After the complaint had been amended so as to contain three counts, defendants separately filed demurrers "to each count of the complaint as amended separately and severally, and as grounds of demurrer to each of said counts separately and severally assigns thereto the following grounds." The judgment entry recites: "Defendants file demurrers to complaint as amended and said demurrers are by the court heard and considered, whereupon it is ordered and adjudged by the court that said demurrers be and they are hereby overruled."
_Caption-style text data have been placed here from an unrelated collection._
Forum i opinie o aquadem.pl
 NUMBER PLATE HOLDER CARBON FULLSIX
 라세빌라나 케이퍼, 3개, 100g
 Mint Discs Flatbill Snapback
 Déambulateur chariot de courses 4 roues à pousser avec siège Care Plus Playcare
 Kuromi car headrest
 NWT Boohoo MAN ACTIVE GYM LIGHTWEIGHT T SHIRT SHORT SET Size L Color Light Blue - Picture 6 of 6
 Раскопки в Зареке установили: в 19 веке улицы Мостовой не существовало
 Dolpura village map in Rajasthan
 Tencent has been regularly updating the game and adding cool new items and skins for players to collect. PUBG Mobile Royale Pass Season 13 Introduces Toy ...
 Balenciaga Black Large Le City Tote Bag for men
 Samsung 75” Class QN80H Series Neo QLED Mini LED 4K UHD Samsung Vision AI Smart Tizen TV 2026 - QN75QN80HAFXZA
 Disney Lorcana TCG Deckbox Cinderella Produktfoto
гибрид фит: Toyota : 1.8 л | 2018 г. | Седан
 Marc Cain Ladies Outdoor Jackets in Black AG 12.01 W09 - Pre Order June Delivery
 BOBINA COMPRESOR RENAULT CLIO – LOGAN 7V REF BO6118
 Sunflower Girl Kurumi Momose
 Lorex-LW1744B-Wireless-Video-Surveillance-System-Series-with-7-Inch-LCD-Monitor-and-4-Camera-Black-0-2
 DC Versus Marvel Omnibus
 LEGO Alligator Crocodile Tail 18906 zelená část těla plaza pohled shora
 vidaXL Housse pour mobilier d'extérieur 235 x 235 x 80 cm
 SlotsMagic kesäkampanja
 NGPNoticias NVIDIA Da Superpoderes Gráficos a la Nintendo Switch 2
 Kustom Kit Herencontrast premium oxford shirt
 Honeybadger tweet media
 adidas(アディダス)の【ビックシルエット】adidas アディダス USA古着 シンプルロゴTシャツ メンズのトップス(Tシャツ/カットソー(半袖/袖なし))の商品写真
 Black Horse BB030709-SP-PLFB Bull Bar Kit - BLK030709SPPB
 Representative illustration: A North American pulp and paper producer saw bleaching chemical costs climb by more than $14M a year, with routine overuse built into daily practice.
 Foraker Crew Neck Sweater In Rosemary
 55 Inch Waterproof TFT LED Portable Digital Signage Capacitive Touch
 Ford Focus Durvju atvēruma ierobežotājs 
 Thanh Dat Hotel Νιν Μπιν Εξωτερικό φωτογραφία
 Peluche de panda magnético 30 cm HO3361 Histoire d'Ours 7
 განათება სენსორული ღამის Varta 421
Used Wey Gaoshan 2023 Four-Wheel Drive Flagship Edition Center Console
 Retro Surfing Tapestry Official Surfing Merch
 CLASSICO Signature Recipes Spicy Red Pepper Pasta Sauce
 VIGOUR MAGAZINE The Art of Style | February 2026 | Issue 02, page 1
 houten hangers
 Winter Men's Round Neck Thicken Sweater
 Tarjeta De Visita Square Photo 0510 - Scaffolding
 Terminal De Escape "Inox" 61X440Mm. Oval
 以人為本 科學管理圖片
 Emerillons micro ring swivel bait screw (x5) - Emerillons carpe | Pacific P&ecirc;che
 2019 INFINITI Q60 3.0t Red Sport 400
Appellant has assigned for error the ruling on demurrers to each count of the complaint separately. Appellee contends that the record which we have copied does not show a separate ruling on the separate demurrers to each count, but only to the complaint as a whole. This is upon the authority of Alabama Chemical Co. v. Niles, 156 Ala. 298, 47 So. 239, and others following it. The record in that case recited a demurrer to the complaint, and that it is considered, etc., and is overruled. It was said that the record did not show a ruling on demurrer to each count separately. In Central of Ga. v. Ashley, 159 Ala. 145,48 So. 981; Berger v. Dempster, 204 Ala. 305, 85 So. 392; Alabama Power Co. v. Fergusen, 205 Ala. 204, 87 So. 796; Sims v. Alabama Water Co., 205 Ala. 378, 87 So. 688, 28 A.L.R. 461, the court applied the same rule to a record of similar import.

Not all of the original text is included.